There’s a current state of emergency happening in Dunedin, Otago, Waitaki and Canterbury due to heavy rainfall and flooding. Wishing everyone affected all the best.

That’s the short emergency. Here’s the long one. James Hansen and a team of climate scientists just published this,

Abstract. Global temperature is a fundamental climate metric highly correlated with sea level, which implies that keeping shorelines near their present location requires keeping global temperature within or close to its preindustrial Holocene range. However, global temperature excluding short-term variability now exceeds +1 °C relative to the 1880–1920 mean and annual 2016 global temperature was almost +1.3 °C. We show that global temperature has risen well out of the Holocene range and Earth is now as warm as it was during the prior (Eemian) interglacial period, when sea level reached 6–9 m higher than today.

Further, Earth is out of energy balance with present atmospheric composition, implying that more warming is in the pipeline, and we show that the growth rate of greenhouse gas climate forcing has accelerated markedly in the past decade. The rapidity of ice sheet and sea level response to global temperature is difficult to predict, but is dependent on the magnitude of warming. Targets for limiting global warming thus, at minimum, should aim to avoid leaving global temperature at Eemian or higher levels for centuries. Such targets now require negative emissions, i.e., extraction of CO2 from the air.

If phasedown of fossil fuel emissions begins soon, improved agricultural and forestry practices, including reforestation and steps to improve soil fertility and increase its carbon content, may provide much of the necessary CO2 extraction. In that case, the magnitude and duration of global temperature excursion above the natural range of the current interglacial (Holocene) could be limited and irreversible climate impacts could be minimized.
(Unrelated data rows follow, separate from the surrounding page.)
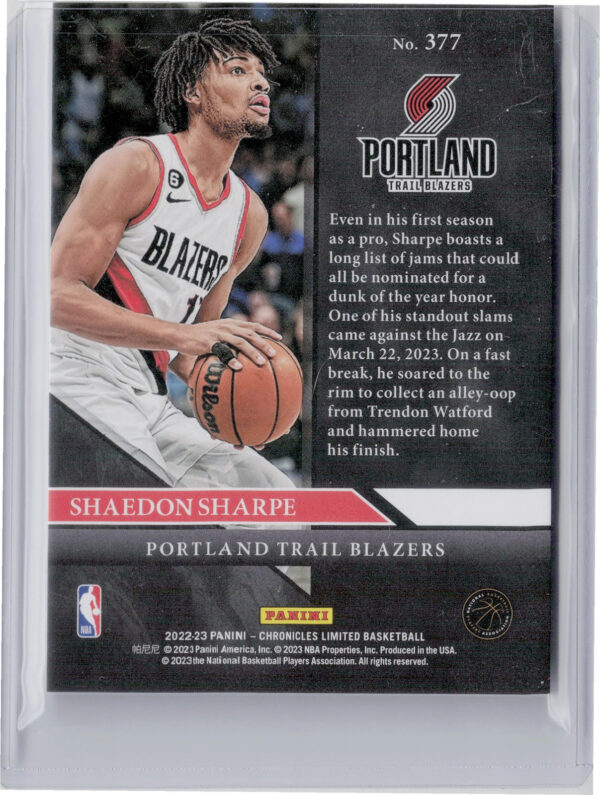 2022-23 Panini Chronicles Shaedon Sharpe Red SN149 #377 Blazers - Image 3
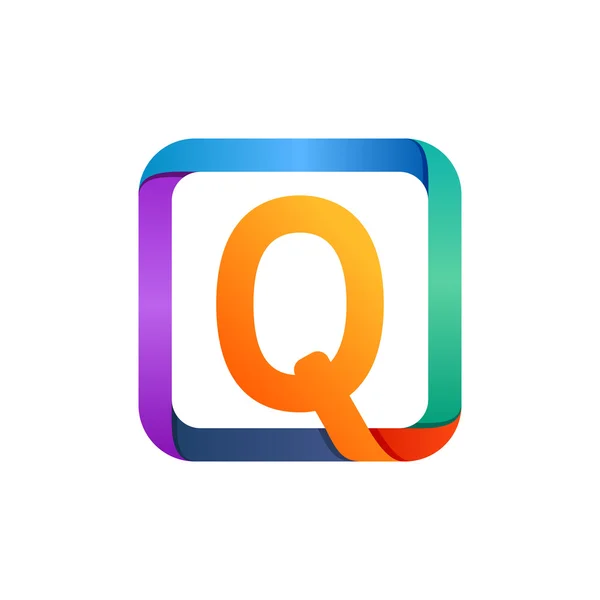 Q letter logo in vierkant. — Stockvector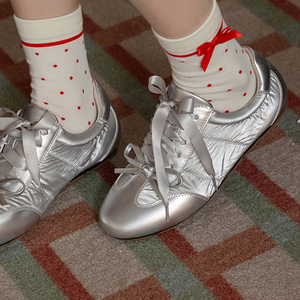 Zapatos Planos de Ballet de Cuero Genuino para Mujer Ann'S, Cierre con Tiras y Lazo, Tacón Bajo Informal, Color Plateado, para Todas las Temporadas - Product Image 1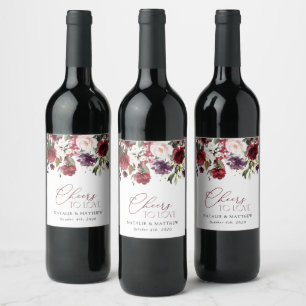 Rótulo De Garrafa De Cerveja Flores de Borgonha, Flores Rosa, Verde, Casamento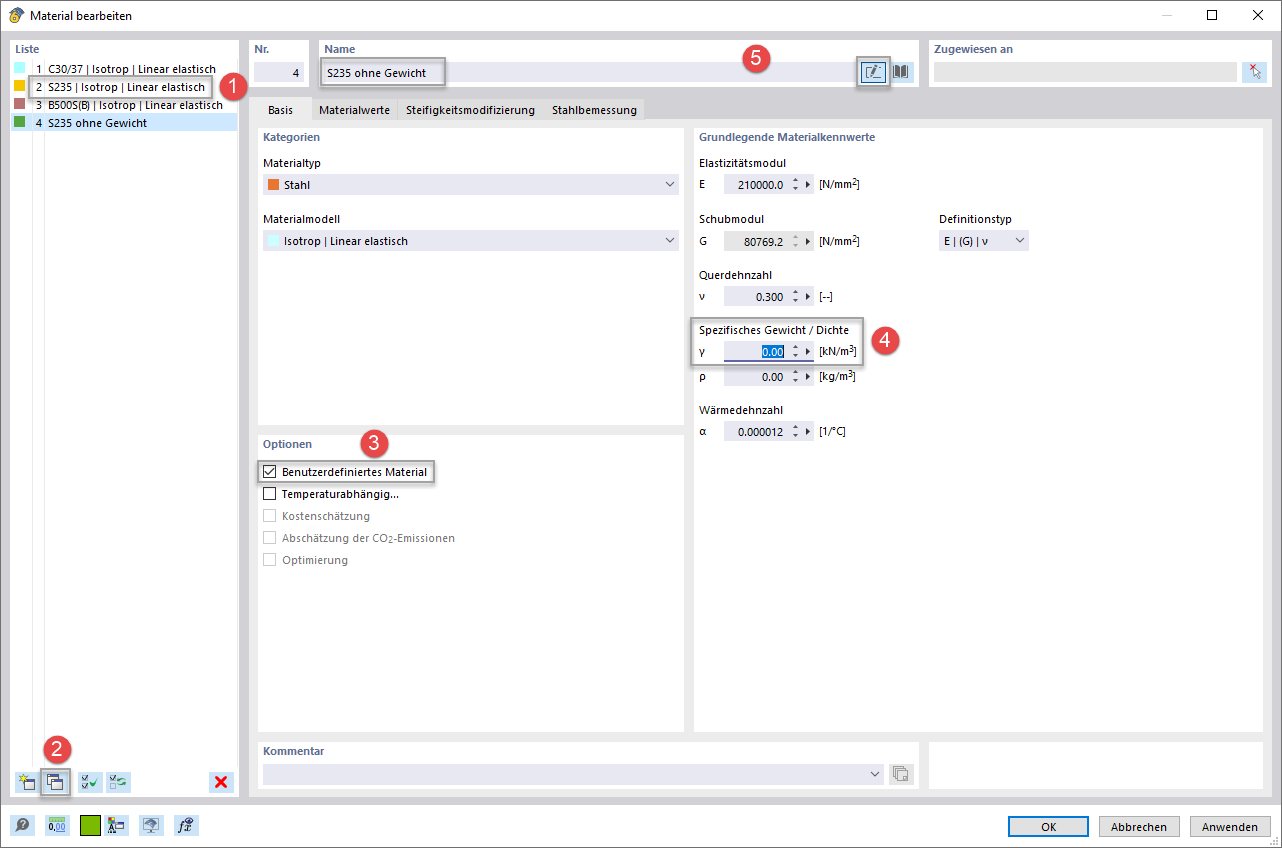 Criar material sem peso como cópia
In contrast, continued high fossil fuel emissions today place a burden on young people to undertake massive technological CO2 extraction if they are to limit climate change and its consequences. Proposed methods of extraction such as bioenergy with carbon capture and storage (BECCS) or air capture of CO2 have minimal estimated costs of USD 89–535 trillion this century and also have large risks and uncertain feasibility. Continued high fossil fuel emissions unarguably sentences young people to either a massive, implausible cleanup or growing deleterious climate impacts or both.

Our conclusion that the world has overshot appropriate targets is sufficiently grim to compel us to point out that pathways to rapid emission reductions are feasible.

My translation of that reserved science speak:

  1. we’ve missed the agreed targets that would allow BAU for Western civilisation
  2. the only thing to do now is drop fossil fuels rapidly
  3. high tech Carbon Capture and Storage (CCS) is very expensive, unreliable, risky, and probably implausible as a solution.
  4. low tech sequestration via natural cycles might buy us some time but on its own won’t be enough
  5. it’s our kids that will bear the brunt of this

I’ll add,

  1. saving the conventional economy can no longer be the priority. We have to drop fossil fuel use immediately.
  2. the Powerdown gives us the best shot at this without collapse.

________________________________________________________________________

Moderator note: zero tolerance of climate change denial or ‘we’re all going to die, it’s too late’ comments. 

52 comments on “State of emergency for planet earth”

  1. Andre 1

    “saving the conventional economy can no longer be the priority. We have to drop fossil fuel use immediately.”

    I recommend being very careful to separate out arguments about the urgency of responding to climate change and arguments about the problems of the settings of our current flavour of capitalism. The arguments for each stand alone on their own merits, and conflating them simply raises the suspicions of the unconvinced that there’s a hidden agenda.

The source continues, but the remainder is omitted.